**Task details**
Only the stretch below from the line holding "S52BSD West Virginia License Plate" through the line holding "Lermoos Tirol mit" should be restated, word for word and with both ends included; pictures stay out.

**Excerpted data**
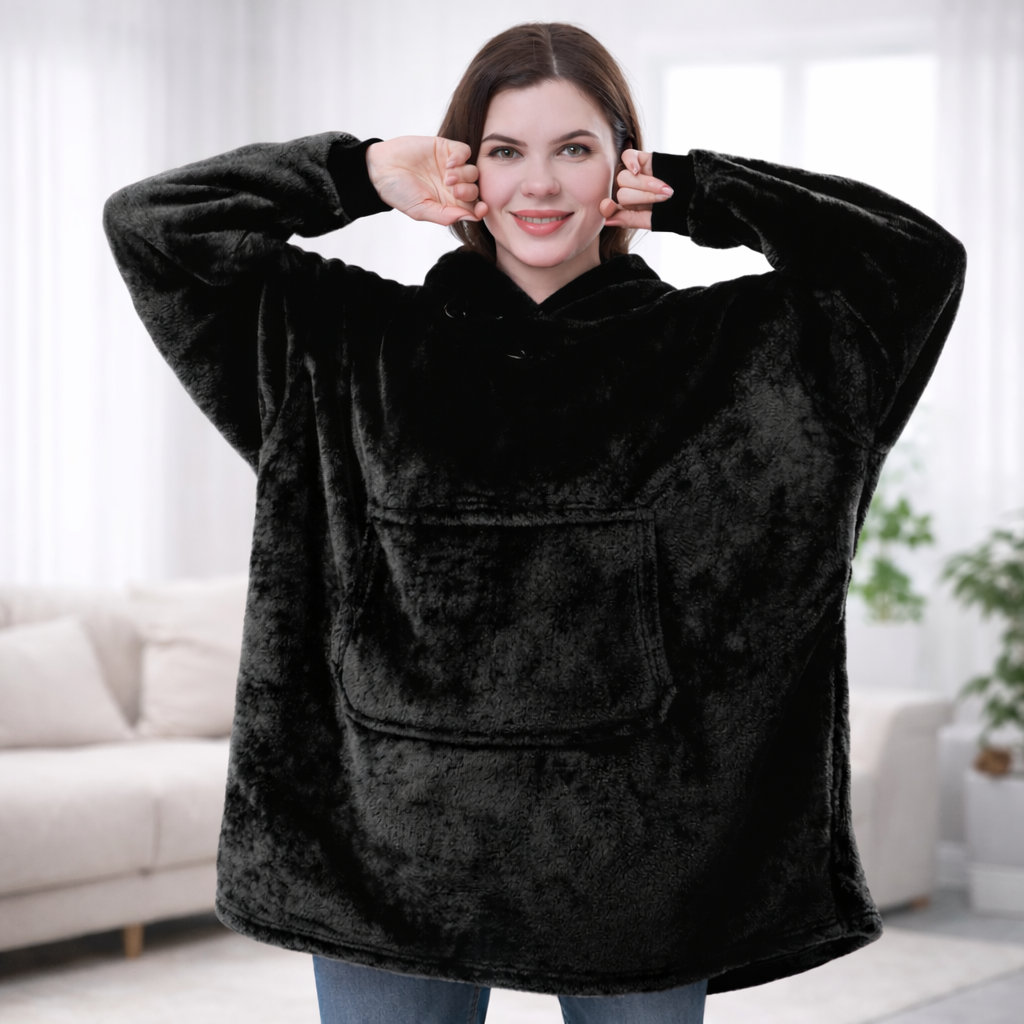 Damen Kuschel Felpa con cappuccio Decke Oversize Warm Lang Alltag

...

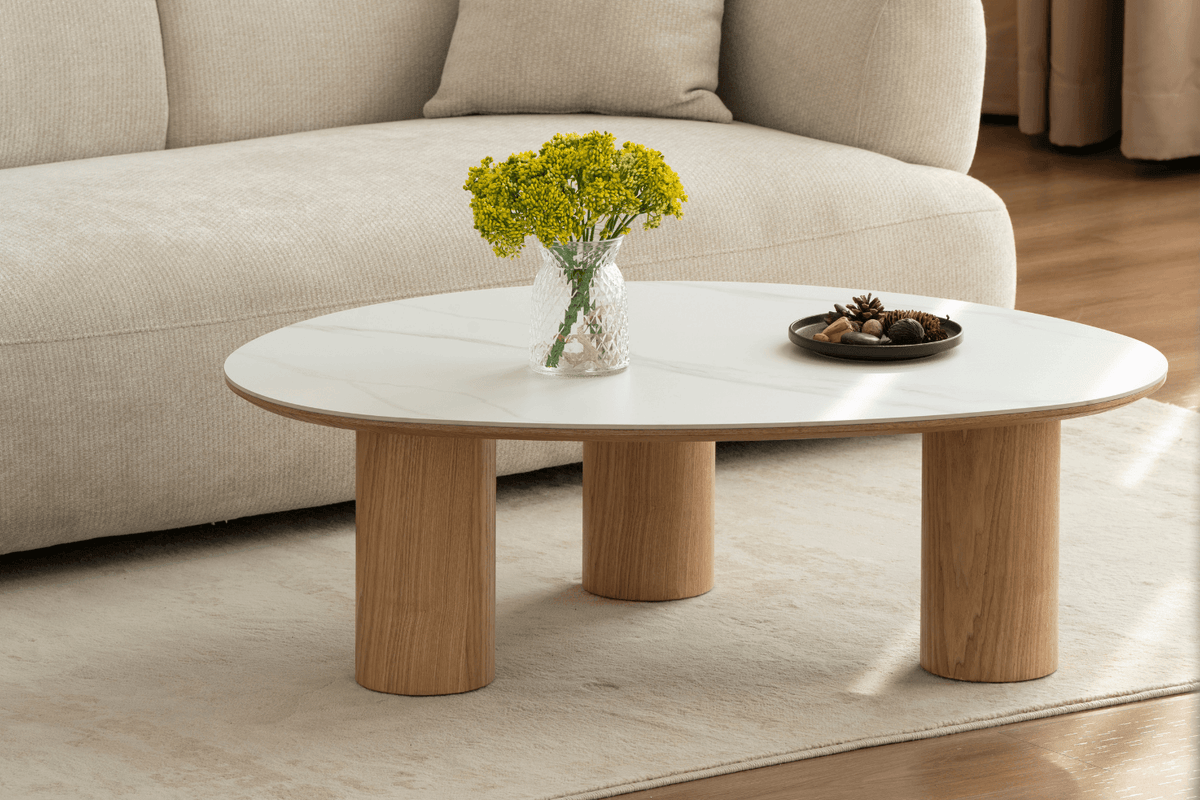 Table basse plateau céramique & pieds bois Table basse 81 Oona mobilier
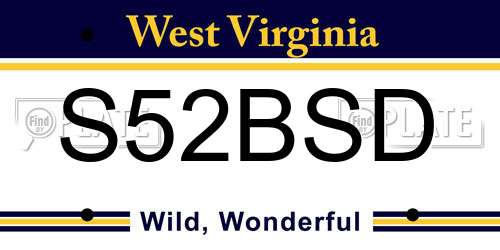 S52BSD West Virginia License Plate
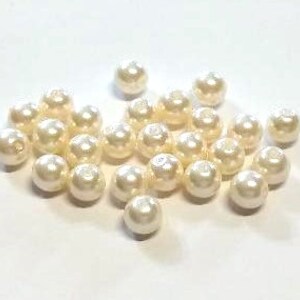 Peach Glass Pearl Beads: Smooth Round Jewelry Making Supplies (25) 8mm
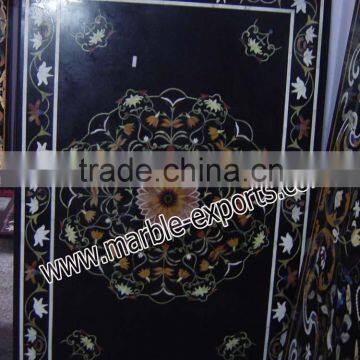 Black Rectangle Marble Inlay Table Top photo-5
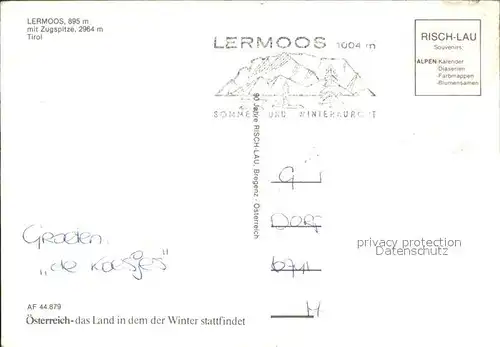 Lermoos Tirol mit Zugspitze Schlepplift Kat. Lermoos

==

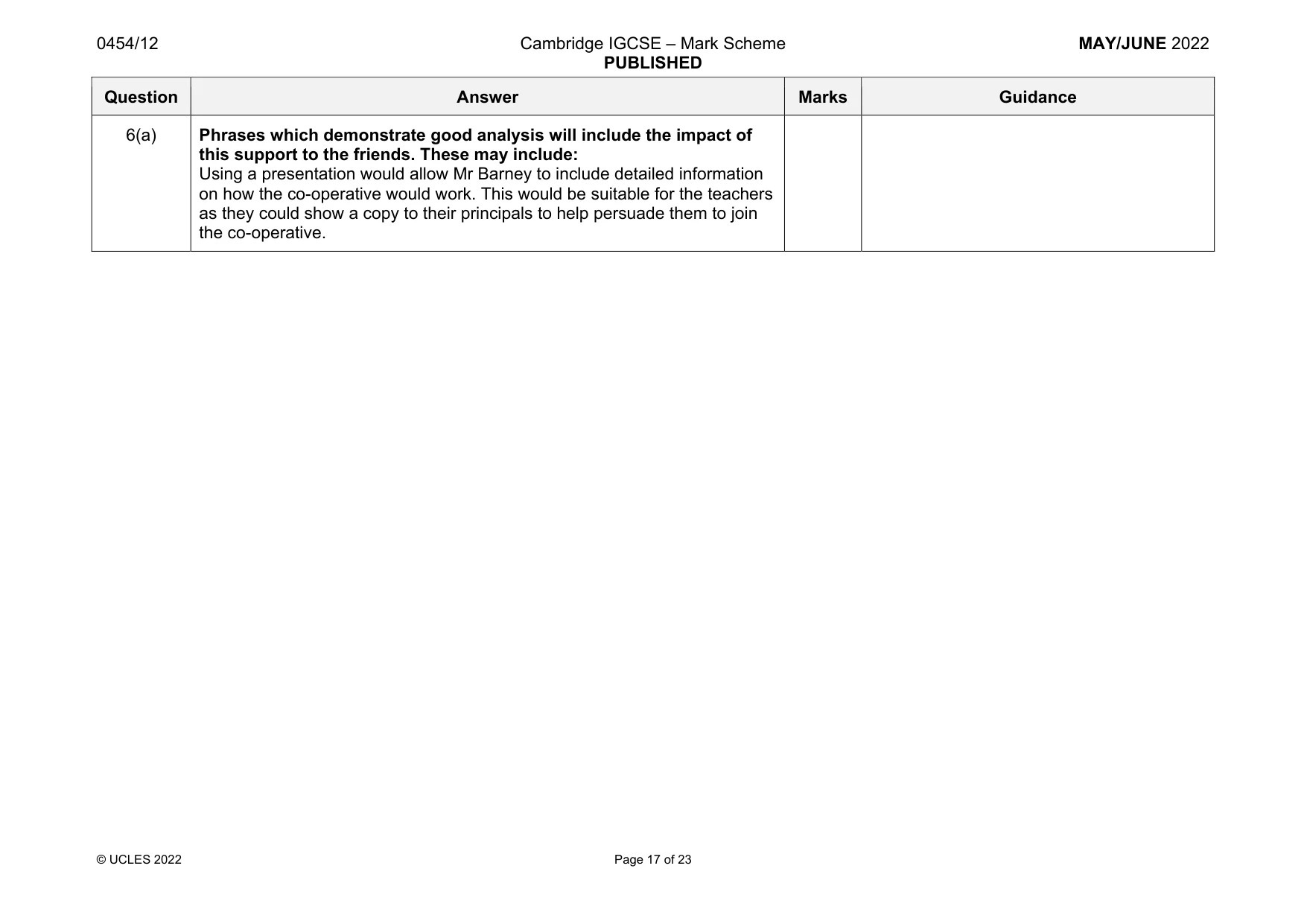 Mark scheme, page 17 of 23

**Exercise output**
 S52BSD West Virginia License Plate
 Peach Glass Pearl Beads: Smooth Round Jewelry Making Supplies (25) 8mm
 Black Rectangle Marble Inlay Table Top photo-5
 Lermoos Tirol mit Zugspitze Schlepplift Kat. Lermoos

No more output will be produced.